How to Store and Reheat Leftovers
- Refrigerator: Store leftover grilled ribeye steak in an airtight container in the fridge for up to 3 days.
- To reheat: Microwave the steak in 20 to 30-second intervals until it’s heated through, or warm it in a skillet over medium-low heat.
More Ways to Enjoy Steak

Grilled Ribeye
Ingredients
- 2 each boneless ribeye steaks, 1¼ pounds each and 1¼" thick (choose steaks that are well marbled)
- 8 teaspoons olive oil
- 8 teaspoons Steak Seasoning (or your own favorite steak seasoning)
Instructions
- 30 minutes prior to grilling: Remove steaks from fridge. Rub 2 teaspoons olive oil onto each side of each steak (8 teaspoons total). Then sprinkle 2 teaspoons Steak Seasoning evenly over each side of each steak (8 teaspoons total). Let rest.
- Fire up the grill: You want it super hot, 550℉ or even a bit more. See Notes below for cleaning and oiling the grates.
- Grill the steaks: Once grates are smoking hot, add the steaks. Close grill lid and don't peek. For 1¼-pound steaks that are 1¼" thick, and for medium-rare doneness, grill for 3½ minutes without peeking or moving the steaks. Then flip the steaks and grill (lid closed) for another 3½ minutes without peeking or moving the steaks. Immediately remove steaks from grill to a platter and let rest 5 minutes to settle in the juices.
Notes
- Cast iron grates: no oil needed
- Stainless steel grates: oil well
- Porcelain coated grates: oil well
Nutrition Information:
Skip the “Well-Done” Steak!

Here’s the photo I was talking about! Our family was on a summer vacation in the Black Hills (South Dakota), on a chuckwagon dinner ride. While the steaks were being grilled, the entertainment crew asked for a show of hands, wanting to know who would like their steaks “well-done”. The poor guy! At least he was a good sport – he smiled and laughed along!
This post was originally published in 2011, then updated in 2025.

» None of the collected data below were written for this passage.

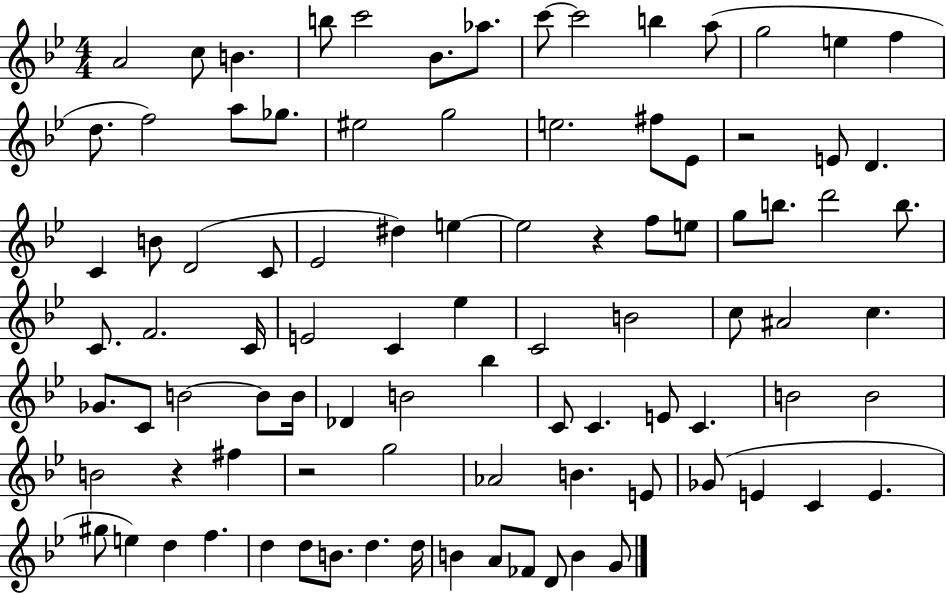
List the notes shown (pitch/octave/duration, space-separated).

A4/h C5/e B4/q. B5/e C6/h Bb4/e. Ab5/e. C6/e C6/h B5/q A5/e G5/h E5/q F5/q D5/e. F5/h A5/e Gb5/e. EIS5/h G5/h E5/h. F#5/e Eb4/e R/h E4/e D4/q. C4/q B4/e D4/h C4/e Eb4/h D#5/q E5/q E5/h R/q F5/e E5/e G5/e B5/e. D6/h B5/e. C4/e. F4/h. C4/s E4/h C4/q Eb5/q C4/h B4/h C5/e A#4/h C5/q. Gb4/e. C4/e B4/h B4/e B4/s Db4/q B4/h Bb5/q C4/e C4/q. E4/e C4/q. B4/h B4/h B4/h R/q F#5/q R/h G5/h Ab4/h B4/q. E4/e Gb4/e E4/q C4/q E4/q. G#5/e E5/q D5/q F5/q. D5/q D5/e B4/e. D5/q. D5/s B4/q A4/e FES4/e D4/e B4/q G4/e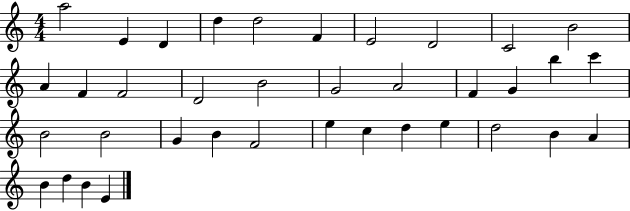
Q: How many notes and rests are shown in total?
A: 37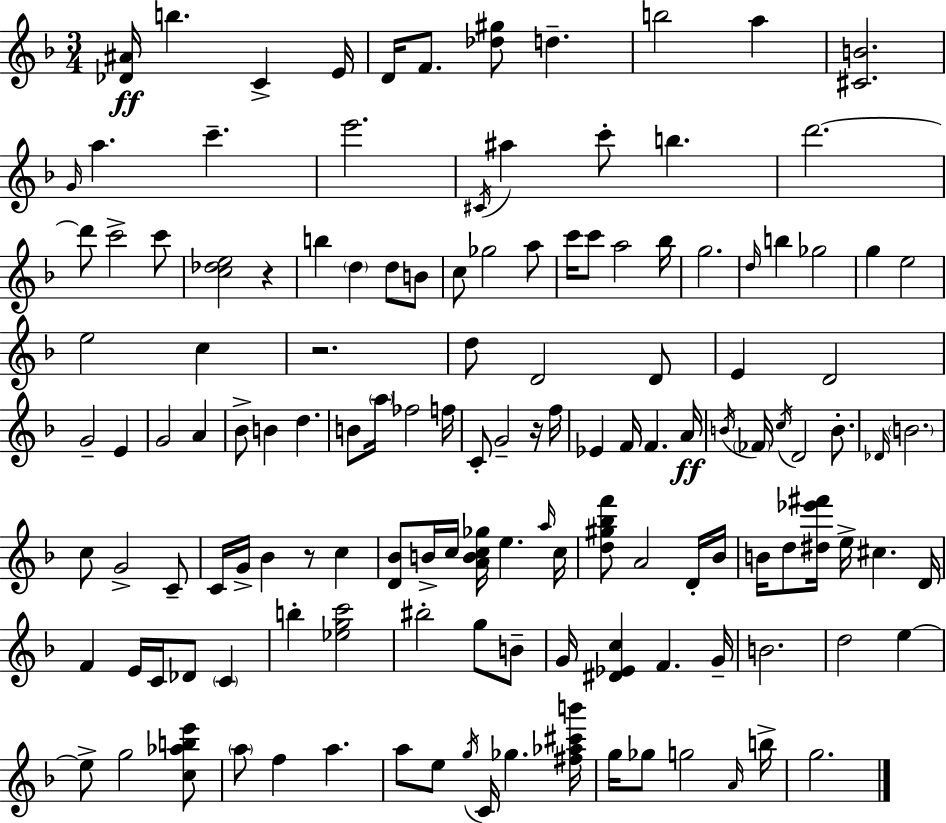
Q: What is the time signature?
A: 3/4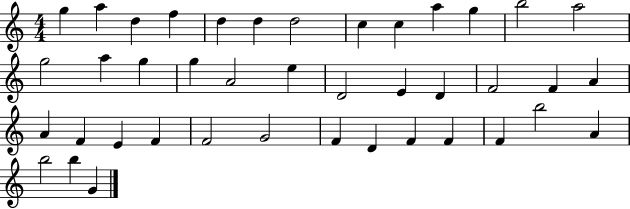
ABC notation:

X:1
T:Untitled
M:4/4
L:1/4
K:C
g a d f d d d2 c c a g b2 a2 g2 a g g A2 e D2 E D F2 F A A F E F F2 G2 F D F F F b2 A b2 b G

LOOKS AMAZING! i will be trying that soon!
happy new year!
Hope you like it, Bridgette – it’s pretty awesome! And Happy New Year to you, too!
Whew! After all the sweet food I’ve been testing, this looks like heaven!
Almost nothing better than a ribeye steak on the grill….done my husband’s way ;). I also don’t eat steak out because why set myself up for bitter disappointment knowing it will never come close to my husband’s???
Thanks, Jen – hope you like it!
I love the sound of this!
That steak is beautiful. Like, REALLY beautiful. I cant wait to cook one like this… your recipe and technique are wonderful!
Thank you, dear Amanda. xo
You are right! Steaks at home are usually so much more delicious. Your steaks looks delicious with tasty looking grill marks. Guess it’s time for a ribeye!
Looks delicious!
We grill our steaks the same way, we usually use Mrs Dash. Looks amazing!
Thank you so much, Miss. I hope you find that seasoning – it’s amazing!
Hi, Cheryl! I just read Jaden’s post on the salt bath – very intriguing. I passed it along to my husband. I have a hunch we’ll be trying that soon – thanks for passing it along!
Looks WONDERFUL.
Have a GREAT weekend!
We eat red meat on average, about once a week. My husband’s favourite is a perfectly grilled thick medium rare steak. He’s has his grilling down just like your Blake’s but unlike your Blake, he has been unable to convert me from a *well-done* girl. He always times his grilling and always has to put my steak on earlier than his so our meal is done cooking at that same time. Your spiced up cut of steak looks delicious.
I am seriously craving a steak now! I do believe I will be trying this very soon.
Brenda, your blog is fantastic and I always look forward to what you have to share.
Thanks, Karyl – nice to hear from you again. Hope you’re having a great weekend!
My hubby does the best ribeye too. I am going to add your delicious recipe to our next grilling. Thanks! Have a nice weekend.
I figured there would be some comments from people who also make the best ribeye! ;) Love it! Nice to hear from you, Sherri – hope you’re having a great weekend.
My mouth is watering, Brenda. Great post!